Jesus said: “It is more blessed to give than to receive.” Fortunately for those of us with massive amounts of student loan debt, it turns out that giving is also the best route to professional success.
In his new book, “Give and Take,” Adam Grant describes how Givers, people who help others without worrying about what they’ll get in return, are often wildly successful. In fact, they’re more successful than Matchers, who give with the expectation of receiving an equal amount in return, and Takers, who seek to receive more than they give.
It’s a great book overall, and an easy read. Grant repeatedly makes the point that giving has to come from the heart: if you do it just to get ahead, it probably won’t work. Once you start giving, however, it can become a habit.
But Grant essentially ignores one critical question: does gender matter? In other words, do women gain the same benefits as men from being givers?
It’s possible they gain more. My guess is that “taking” is a particularly unsuccessful strategy for women. For instance, we know that women are much less likely than men to negotiate for promotions or higher salaries. There’s a good reason for this: when women negotiate, people like them less, according to research described in the Washington Post:
Both men and women were more likely to subtly penalize women who asked for more — the perception was that women who asked for more were “less nice”.
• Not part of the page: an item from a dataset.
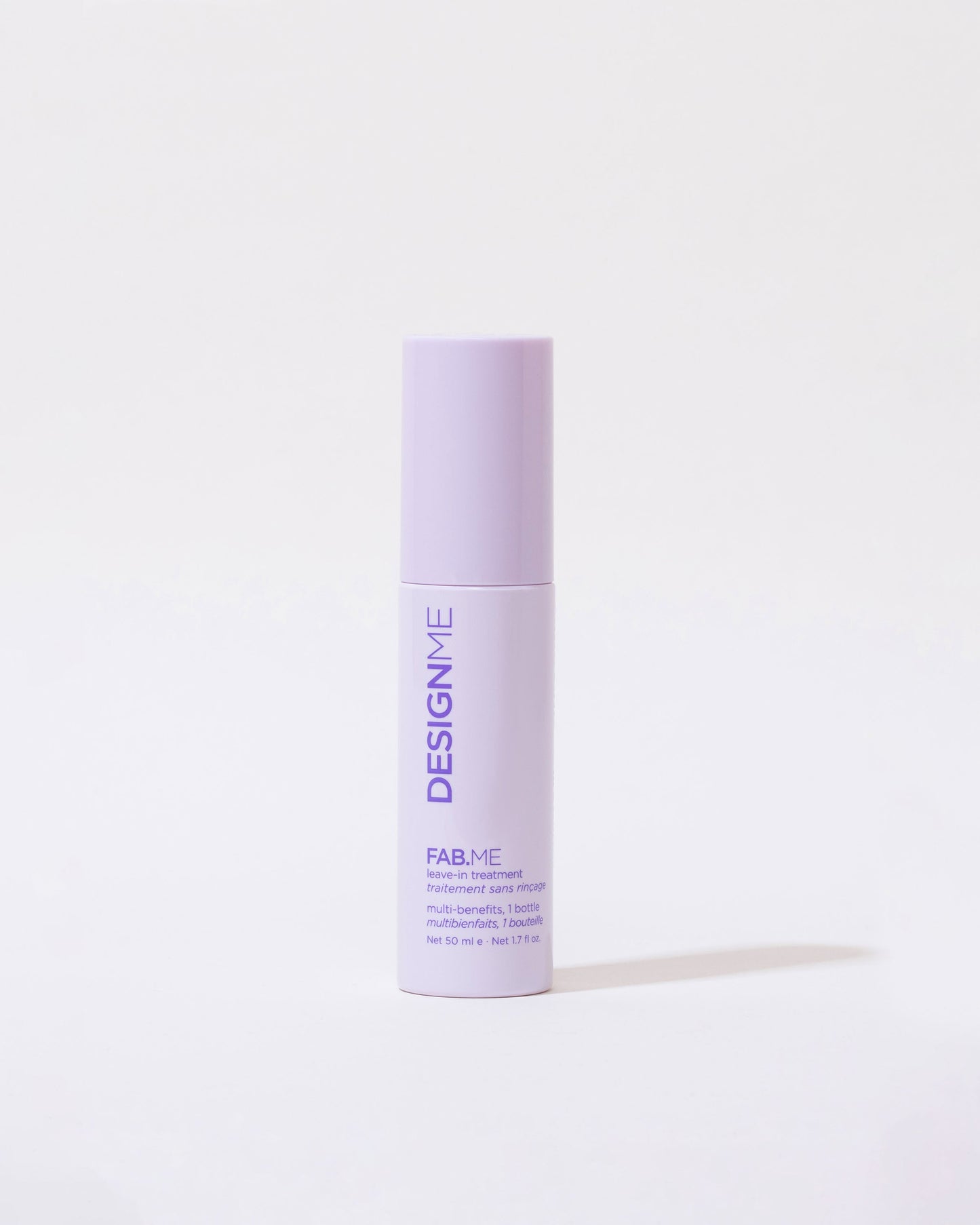 Design.Me Fab.Me Leave-In Treatment – Multi-Benefit Lotion for Strength & Heat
Perhaps Grant’s research found no gender differential at all – but the book would have been stronger if he had addressed the question.
It still had valuable lessons, however. Here are 8 ways to be a Giver.
- Build weak ties. Weak ties “provide more efficient access to new information. Our strong ties tend to travel in the same social circles and know about the same opportunities as we do. Weak ties are more likely to open up access to a different network, facilitating the discovery of original leads.” Givers regularly reconnect with weak ties, even if they don’t think they’ll get anything in return. And their weak ties tend to be responsive and willing to help, because they trust that Givers don’t have ulterior motives.
- Do five-minute favors. Be willing to do something that takes five minutes or less for anyone.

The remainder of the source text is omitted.